RECORD EXTRACTS
:::::

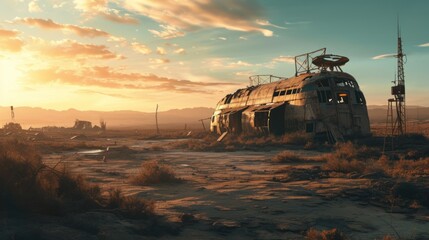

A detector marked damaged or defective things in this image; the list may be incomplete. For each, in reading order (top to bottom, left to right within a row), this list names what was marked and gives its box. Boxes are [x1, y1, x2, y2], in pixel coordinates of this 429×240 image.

rusty metal structure [209, 49, 370, 142]
abandoned vehicle [209, 49, 370, 142]
rusted abandoned bus [209, 49, 370, 142]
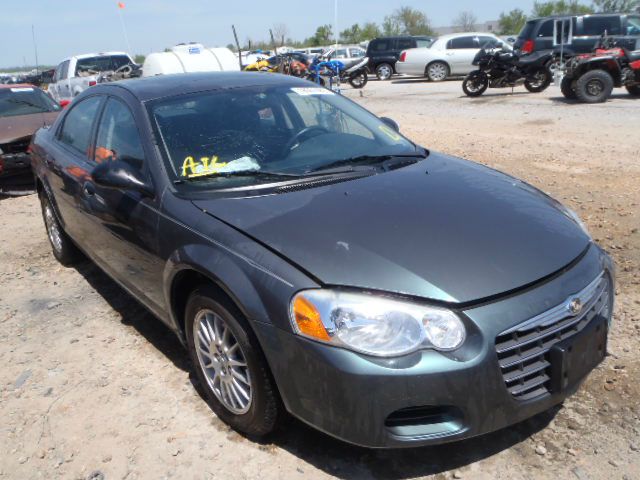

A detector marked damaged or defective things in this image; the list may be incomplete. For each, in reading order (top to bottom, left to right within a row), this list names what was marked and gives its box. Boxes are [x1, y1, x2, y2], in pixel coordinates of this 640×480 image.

dented hood [0, 111, 58, 145]
dented hood [191, 154, 592, 304]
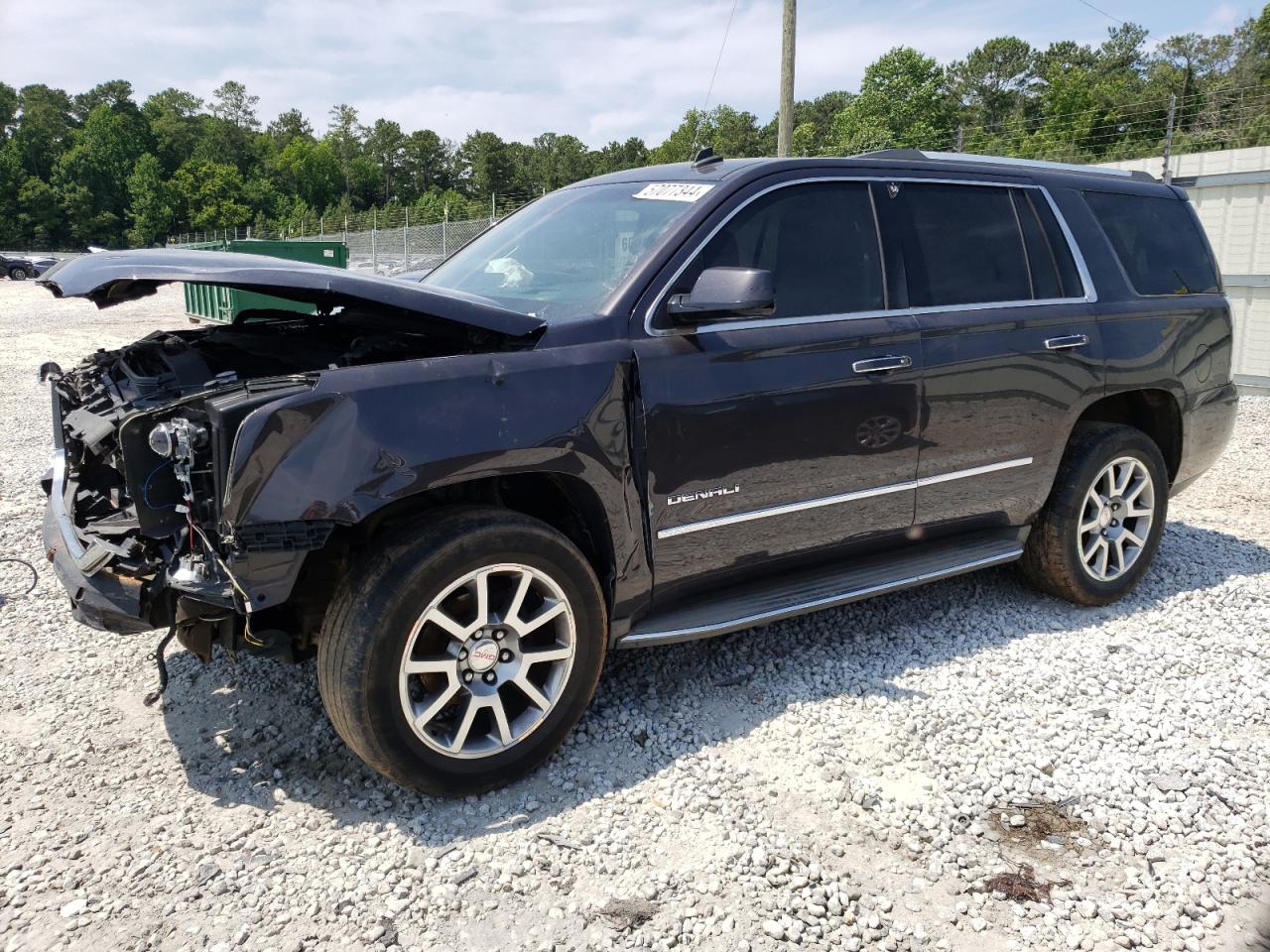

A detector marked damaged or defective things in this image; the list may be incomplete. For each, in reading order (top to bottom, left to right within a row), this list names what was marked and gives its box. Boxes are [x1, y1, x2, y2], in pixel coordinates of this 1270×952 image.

detached hood panel [38, 251, 546, 340]
damaged suv [40, 151, 1229, 796]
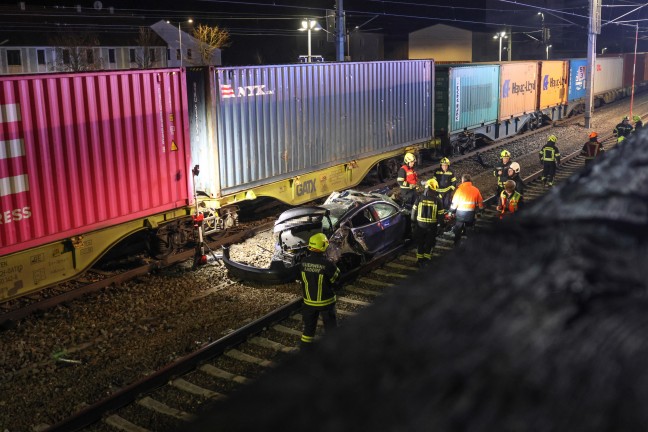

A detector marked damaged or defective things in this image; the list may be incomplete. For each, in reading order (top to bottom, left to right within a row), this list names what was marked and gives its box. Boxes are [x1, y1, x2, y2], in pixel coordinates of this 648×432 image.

wrecked car [223, 189, 410, 284]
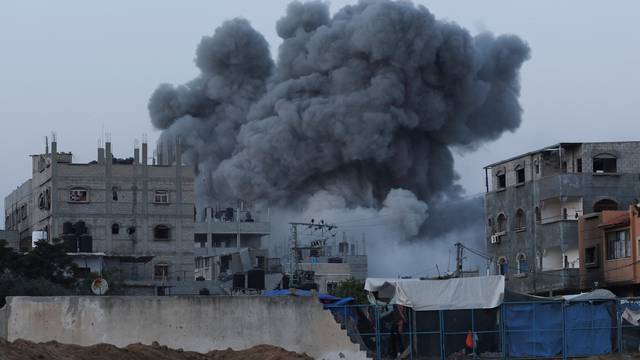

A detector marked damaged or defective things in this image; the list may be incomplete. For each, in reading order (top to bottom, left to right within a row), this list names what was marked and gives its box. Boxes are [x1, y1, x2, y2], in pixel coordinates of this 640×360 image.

broken window [592, 153, 616, 173]
damaged building [4, 136, 195, 294]
damaged building [484, 141, 640, 296]
broken window [584, 245, 600, 268]
broken window [604, 229, 632, 260]
broken window [152, 264, 168, 282]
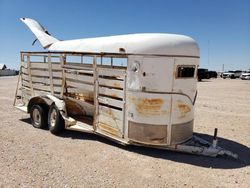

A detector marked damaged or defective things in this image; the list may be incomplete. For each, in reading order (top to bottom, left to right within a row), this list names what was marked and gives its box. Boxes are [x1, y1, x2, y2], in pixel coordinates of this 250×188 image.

rusty metal panel [129, 121, 168, 145]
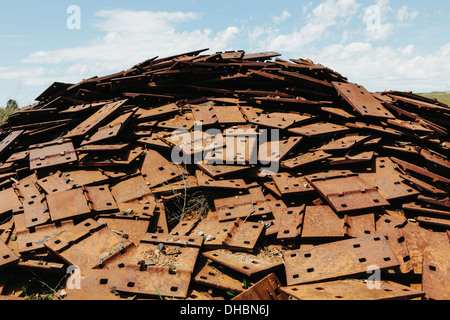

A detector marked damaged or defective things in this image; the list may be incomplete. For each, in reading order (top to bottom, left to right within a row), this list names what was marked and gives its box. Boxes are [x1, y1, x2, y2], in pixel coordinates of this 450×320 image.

rusty metal plate [0, 131, 23, 157]
rusty metal plate [28, 139, 77, 171]
rusty metal plate [37, 171, 75, 194]
rusty metal plate [46, 188, 92, 222]
rusty metal plate [64, 100, 126, 138]
rusty metal plate [80, 109, 135, 146]
rusty metal plate [110, 174, 155, 204]
rusty metal plate [136, 103, 180, 122]
rusty metal plate [140, 149, 184, 188]
rusty metal plate [196, 170, 246, 190]
pile of rusty metal plates [0, 48, 450, 300]
rusty metal plate [212, 105, 246, 124]
rusty metal plate [256, 136, 302, 164]
rusty metal plate [272, 172, 314, 195]
rusty metal plate [284, 151, 332, 170]
rusty metal plate [288, 122, 352, 138]
rusty metal plate [306, 171, 390, 214]
rusty metal plate [334, 81, 394, 119]
rusty metal plate [358, 157, 418, 200]
rusty metal plate [0, 239, 18, 268]
rusty metal plate [15, 220, 74, 252]
rusty metal plate [46, 218, 134, 270]
rusty metal plate [194, 258, 248, 294]
rusty metal plate [203, 246, 284, 276]
rusty metal plate [223, 219, 266, 251]
rusty metal plate [232, 272, 288, 300]
rusty metal plate [300, 206, 346, 241]
rusty metal plate [284, 232, 400, 284]
rusty metal plate [282, 278, 426, 302]
rusty metal plate [344, 214, 376, 239]
rusty metal plate [422, 245, 450, 300]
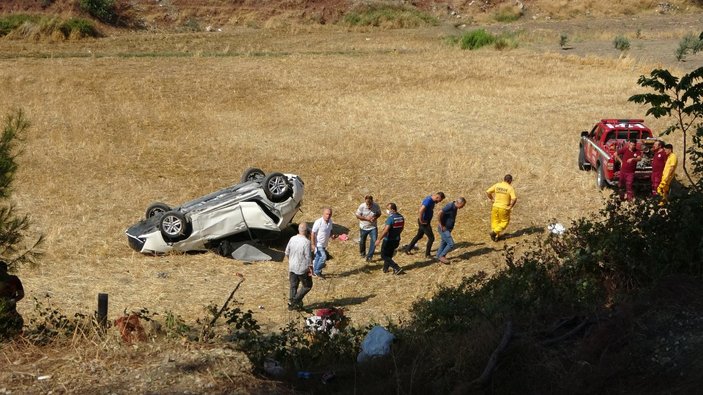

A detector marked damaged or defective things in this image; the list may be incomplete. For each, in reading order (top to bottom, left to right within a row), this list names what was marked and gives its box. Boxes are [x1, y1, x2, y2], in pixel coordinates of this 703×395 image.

crashed vehicle roof [126, 169, 302, 255]
overturned silver car [128, 169, 304, 255]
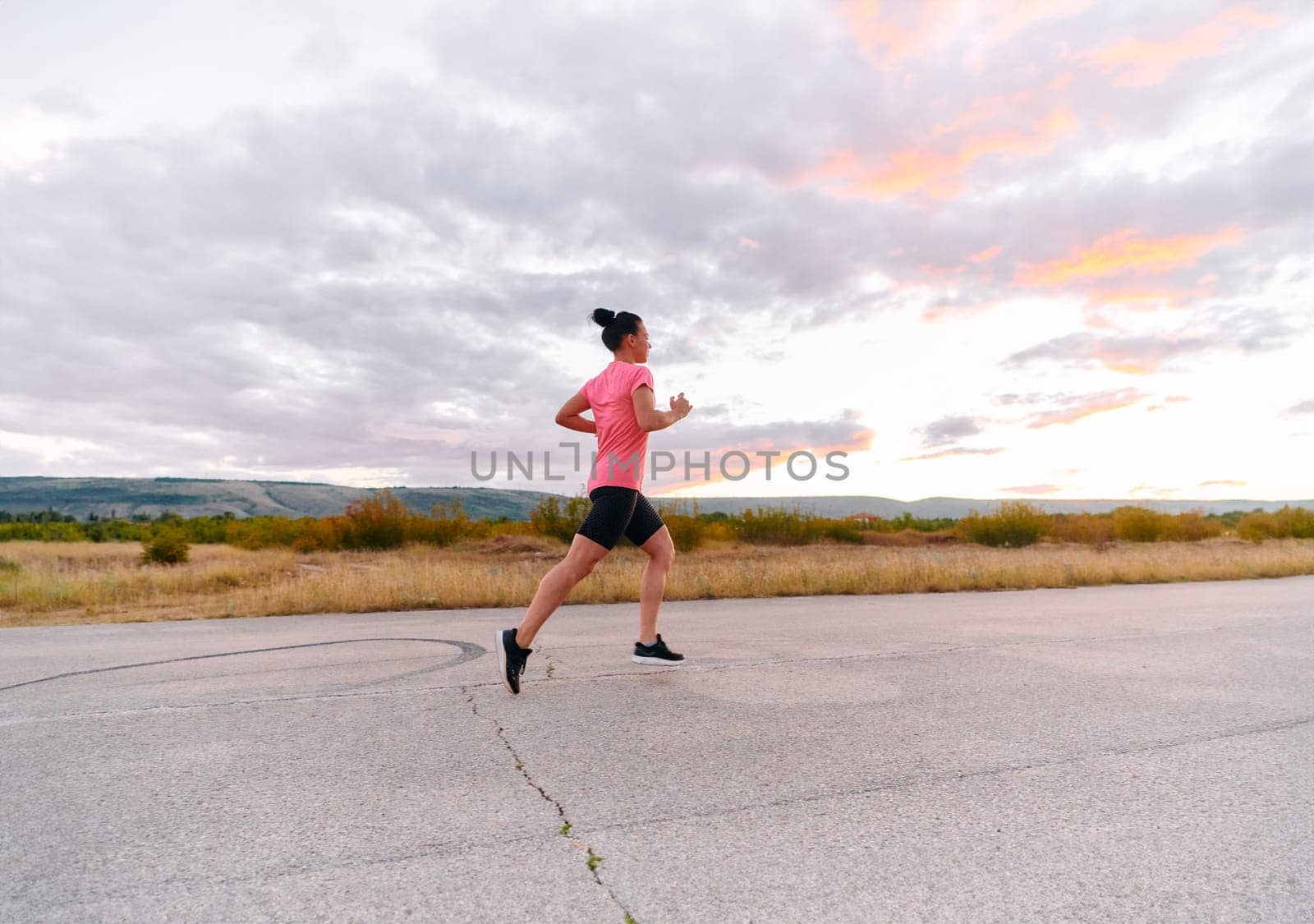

:::::

WHAT YOU ARE ASKED TO DO
Output the listing exactly, pictures excluded.

EXERCISE RESULT
A detector marked damaged or defective things in this image; the list may be incomplete. For each, in reading order (top to bottom, left to right within a row), this list names what was marked and gives its box. Boxes are [x1, y1, x2, y2], in pixel coordinates of this 429×240 image.

rusty metal structure [209, 49, 370, 142]
abandoned vehicle [209, 49, 370, 142]
rusted abandoned bus [209, 49, 370, 142]

A detector marked damaged or defective things in this image; the list may be incomplete. For each, in reading order (top to bottom, left to right within a row), this list names what was marked and gives its box. Boxes are [x1, y1, x2, y2], in pixel coordinates of this 640×480 image.

dented hood [0, 111, 58, 145]
dented hood [191, 154, 592, 304]

A detector marked damaged or defective things in this image; the list may be incomplete. For each, in reading order (top to bottom, left to right within a row), this list names what was marked and gives its box. Boxes are [x1, y1, x2, y2], in pixel coordinates of this 1270×952 image.

detached hood panel [38, 251, 546, 340]
damaged suv [40, 151, 1229, 796]

A detector marked damaged or defective things in this image; the list may be incomplete. For each, in reading order (top to bottom, left to right within a row), this list names what was marked and gives its box. Boxes are [x1, y1, x2, y2], in pixel coordinates of this 648×432 image.

wrecked car [223, 189, 410, 284]

A detector marked damaged or defective things in this image; the list may be incomplete. For each, in reading order (top to bottom, left to right within a row), this list names what was marked and gives its box. Boxes are [x1, y1, x2, y2], in pixel coordinates of this 640×360 image.

broken window [592, 153, 616, 173]
damaged building [4, 136, 195, 294]
damaged building [484, 141, 640, 296]
broken window [584, 245, 600, 268]
broken window [604, 229, 632, 260]
broken window [152, 264, 168, 282]

A detector marked damaged or defective things in this image; the list may be incomplete. For each, in reading order (top to bottom, left to right within a row), this list names what was marked and gives its box. Boxes are [x1, y1, x2, y2], in pixel coordinates of this 250×188 image.

rusty metal panel [129, 121, 168, 145]

A detector marked damaged or defective things in this image; the list may be incomplete. For each, in reading order (top to bottom, left to right within a row), this list names what was marked and gives its box. Boxes are [x1, y1, x2, y2], in pixel coordinates of this 450×320 image.

rusty metal plate [0, 131, 23, 157]
rusty metal plate [28, 139, 77, 171]
rusty metal plate [37, 171, 75, 194]
rusty metal plate [46, 188, 92, 222]
rusty metal plate [64, 100, 126, 138]
rusty metal plate [80, 109, 135, 146]
rusty metal plate [110, 174, 155, 204]
rusty metal plate [136, 103, 180, 122]
rusty metal plate [140, 149, 184, 188]
rusty metal plate [196, 170, 246, 190]
pile of rusty metal plates [0, 48, 450, 300]
rusty metal plate [212, 105, 246, 124]
rusty metal plate [256, 136, 302, 164]
rusty metal plate [272, 172, 314, 195]
rusty metal plate [284, 151, 332, 170]
rusty metal plate [288, 122, 352, 138]
rusty metal plate [306, 171, 390, 214]
rusty metal plate [334, 81, 394, 119]
rusty metal plate [358, 157, 418, 200]
rusty metal plate [0, 239, 18, 268]
rusty metal plate [15, 220, 74, 252]
rusty metal plate [46, 218, 134, 270]
rusty metal plate [194, 258, 248, 294]
rusty metal plate [203, 246, 284, 276]
rusty metal plate [223, 219, 266, 251]
rusty metal plate [232, 272, 288, 300]
rusty metal plate [300, 206, 346, 241]
rusty metal plate [284, 232, 400, 284]
rusty metal plate [282, 278, 426, 302]
rusty metal plate [344, 214, 376, 239]
rusty metal plate [422, 245, 450, 300]

A detector marked damaged or defective things in this image; the list may be incomplete. For each, in reading order (top to bottom, left to right within a row), this list names what was marked and gives its box. Boxes are [x1, y1, x2, y2], in pixel coordinates of this 703×395 image.

crashed vehicle roof [126, 169, 302, 255]
overturned silver car [128, 169, 304, 255]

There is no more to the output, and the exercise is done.